Activity: Exactly the lines below from the line with "In this photo" through the line with "Basement with wooden" must make up the answer, both ends included and pictures left out.

Records provided:
□ □ □ □
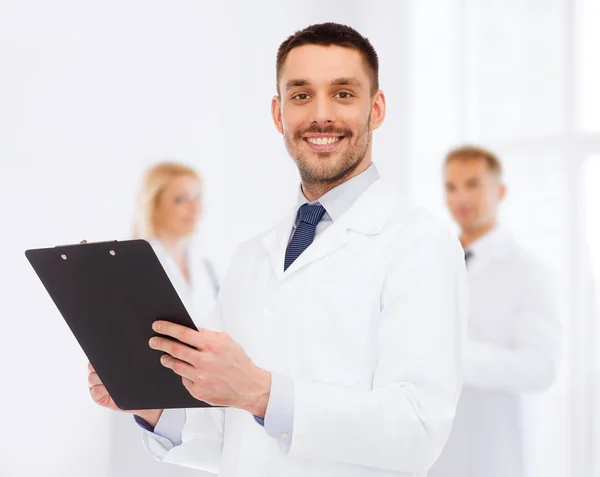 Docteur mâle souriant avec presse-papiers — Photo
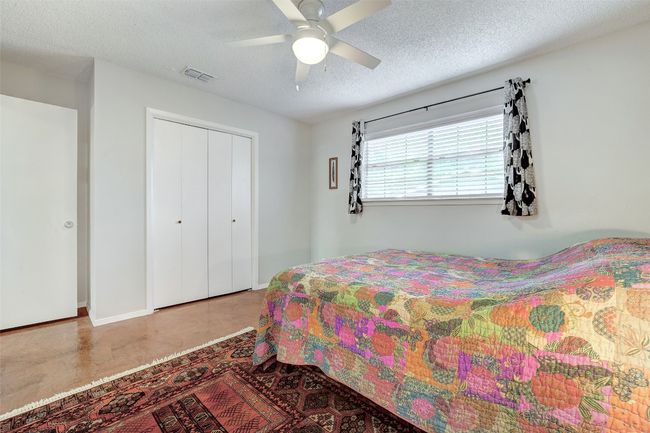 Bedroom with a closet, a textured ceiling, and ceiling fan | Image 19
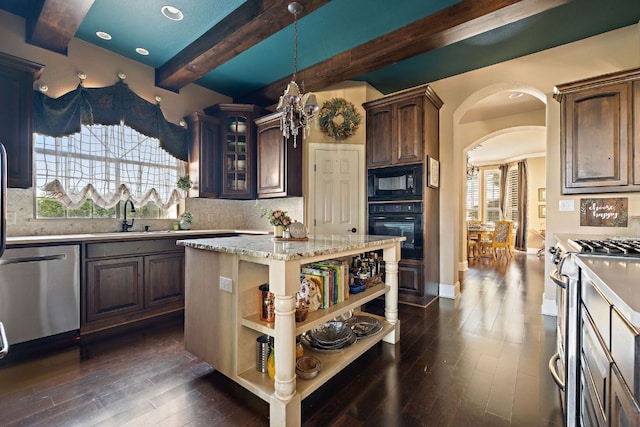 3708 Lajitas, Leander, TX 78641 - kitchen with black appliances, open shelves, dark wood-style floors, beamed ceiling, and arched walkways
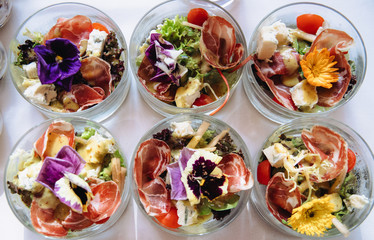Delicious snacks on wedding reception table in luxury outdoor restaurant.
□ □ □ □
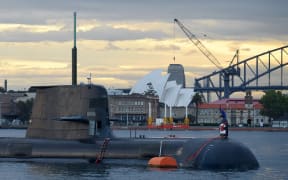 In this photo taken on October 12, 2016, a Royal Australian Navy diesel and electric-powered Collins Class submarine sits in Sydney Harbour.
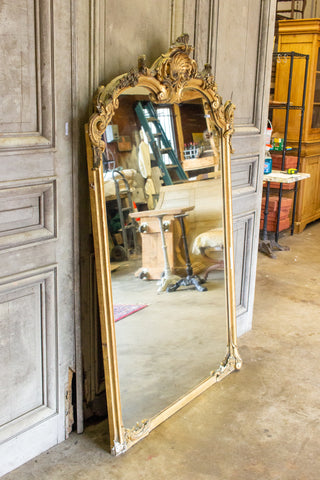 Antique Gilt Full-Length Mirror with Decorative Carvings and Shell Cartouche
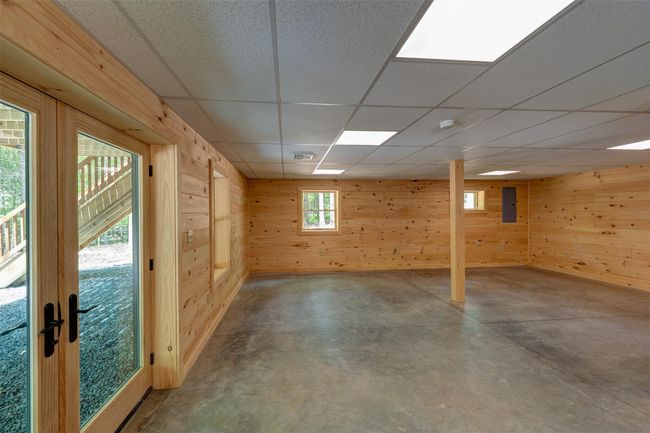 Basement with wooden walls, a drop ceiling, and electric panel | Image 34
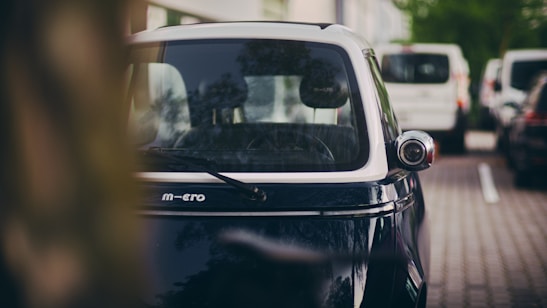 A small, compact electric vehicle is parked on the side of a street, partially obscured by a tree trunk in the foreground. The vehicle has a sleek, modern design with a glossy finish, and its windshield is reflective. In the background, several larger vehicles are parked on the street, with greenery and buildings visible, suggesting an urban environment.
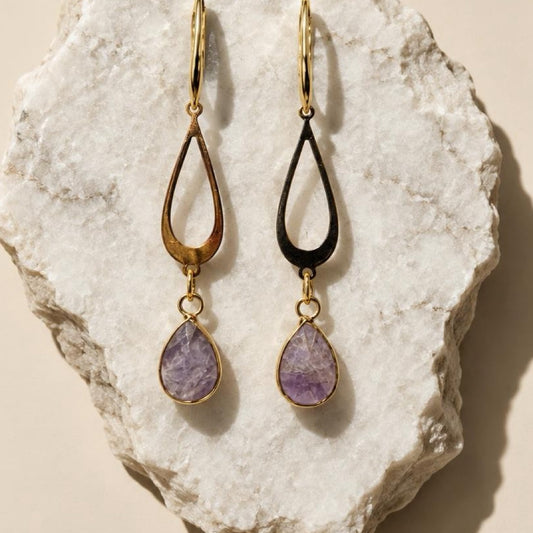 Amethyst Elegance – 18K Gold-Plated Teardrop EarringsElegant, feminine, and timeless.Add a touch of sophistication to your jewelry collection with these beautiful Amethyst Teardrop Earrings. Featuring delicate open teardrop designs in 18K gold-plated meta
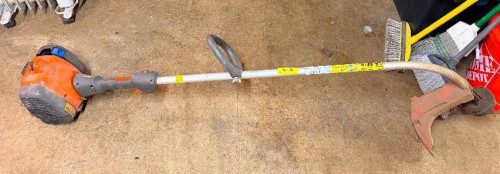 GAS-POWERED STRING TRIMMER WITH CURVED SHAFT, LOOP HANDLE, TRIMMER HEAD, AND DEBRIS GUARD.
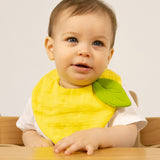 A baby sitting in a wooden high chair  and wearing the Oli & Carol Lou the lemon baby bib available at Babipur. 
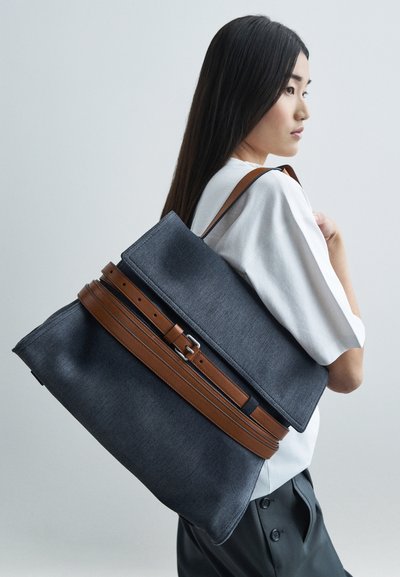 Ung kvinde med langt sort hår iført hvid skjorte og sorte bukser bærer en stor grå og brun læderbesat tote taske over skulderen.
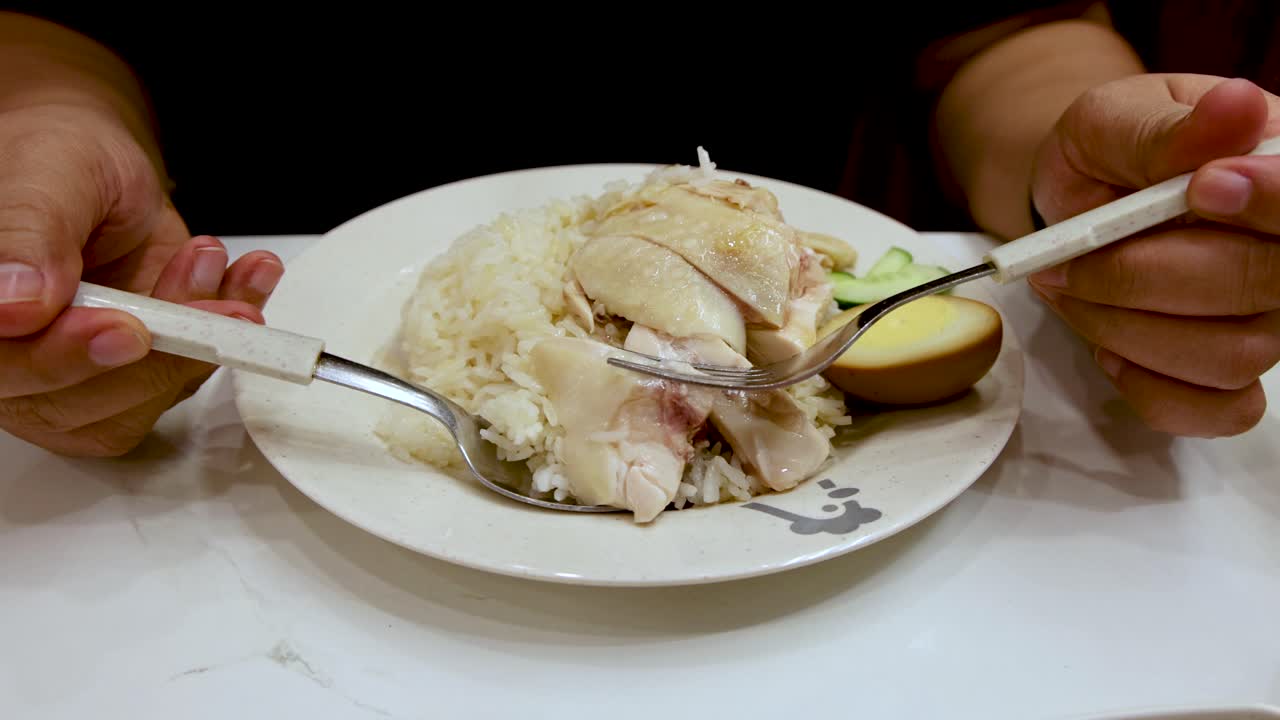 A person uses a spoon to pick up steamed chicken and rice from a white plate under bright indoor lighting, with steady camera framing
□ □ □ □
Reply to the task:
 In this photo taken on October 12, 2016, a Royal Australian Navy diesel and electric-powered Collins Class submarine sits in Sydney Harbour.
 Antique Gilt Full-Length Mirror with Decorative Carvings and Shell Cartouche
 Basement with wooden walls, a drop ceiling, and electric panel | Image 34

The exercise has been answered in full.